- _Problem to solve_
Retype the entries below without any change.

(Beginning of Extracted material)

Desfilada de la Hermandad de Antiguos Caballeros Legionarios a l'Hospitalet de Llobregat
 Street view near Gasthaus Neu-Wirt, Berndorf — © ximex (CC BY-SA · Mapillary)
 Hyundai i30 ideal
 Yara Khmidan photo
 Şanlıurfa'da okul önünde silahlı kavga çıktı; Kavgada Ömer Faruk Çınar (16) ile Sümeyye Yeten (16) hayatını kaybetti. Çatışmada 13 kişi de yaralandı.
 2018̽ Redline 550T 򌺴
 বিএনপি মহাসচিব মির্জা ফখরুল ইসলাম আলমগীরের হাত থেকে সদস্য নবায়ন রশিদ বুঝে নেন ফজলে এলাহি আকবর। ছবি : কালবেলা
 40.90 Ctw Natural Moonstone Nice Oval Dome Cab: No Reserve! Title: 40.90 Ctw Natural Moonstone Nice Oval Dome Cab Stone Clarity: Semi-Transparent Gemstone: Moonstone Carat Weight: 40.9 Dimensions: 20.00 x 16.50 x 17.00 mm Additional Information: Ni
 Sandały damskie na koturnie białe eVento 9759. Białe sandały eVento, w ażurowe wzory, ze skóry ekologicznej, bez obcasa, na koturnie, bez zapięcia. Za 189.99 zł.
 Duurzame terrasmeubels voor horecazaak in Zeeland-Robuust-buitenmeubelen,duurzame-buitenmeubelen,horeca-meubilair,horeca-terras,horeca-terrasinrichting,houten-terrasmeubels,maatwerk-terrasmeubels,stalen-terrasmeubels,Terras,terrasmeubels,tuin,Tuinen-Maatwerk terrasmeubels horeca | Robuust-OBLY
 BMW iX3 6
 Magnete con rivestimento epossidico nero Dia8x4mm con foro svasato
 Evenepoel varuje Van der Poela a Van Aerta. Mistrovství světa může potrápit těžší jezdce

(End of Extracted material)

- _Solution to the exercise_
Desfilada de la Hermandad de Antiguos Caballeros Legionarios a l'Hospitalet de Llobregat
 Street view near Gasthaus Neu-Wirt, Berndorf — © ximex (CC BY-SA · Mapillary)
 Hyundai i30 ideal
 Yara Khmidan photo
 Şanlıurfa'da okul önünde silahlı kavga çıktı; Kavgada Ömer Faruk Çınar (16) ile Sümeyye Yeten (16) hayatını kaybetti. Çatışmada 13 kişi de yaralandı.
 2018̽ Redline 550T 򌺴
 বিএনপি মহাসচিব মির্জা ফখরুল ইসলাম আলমগীরের হাত থেকে সদস্য নবায়ন রশিদ বুঝে নেন ফজলে এলাহি আকবর। ছবি : কালবেলা
 40.90 Ctw Natural Moonstone Nice Oval Dome Cab: No Reserve! Title: 40.90 Ctw Natural Moonstone Nice Oval Dome Cab Stone Clarity: Semi-Transparent Gemstone: Moonstone Carat Weight: 40.9 Dimensions: 20.00 x 16.50 x 17.00 mm Additional Information: Ni
 Sandały damskie na koturnie białe eVento 9759. Białe sandały eVento, w ażurowe wzory, ze skóry ekologicznej, bez obcasa, na koturnie, bez zapięcia. Za 189.99 zł.
 Duurzame terrasmeubels voor horecazaak in Zeeland-Robuust-buitenmeubelen,duurzame-buitenmeubelen,horeca-meubilair,horeca-terras,horeca-terrasinrichting,houten-terrasmeubels,maatwerk-terrasmeubels,stalen-terrasmeubels,Terras,terrasmeubels,tuin,Tuinen-Maatwerk terrasmeubels horeca | Robuust-OBLY
 BMW iX3 6
 Magnete con rivestimento epossidico nero Dia8x4mm con foro svasato
 Evenepoel varuje Van der Poela a Van Aerta. Mistrovství světa může potrápit těžší jezdce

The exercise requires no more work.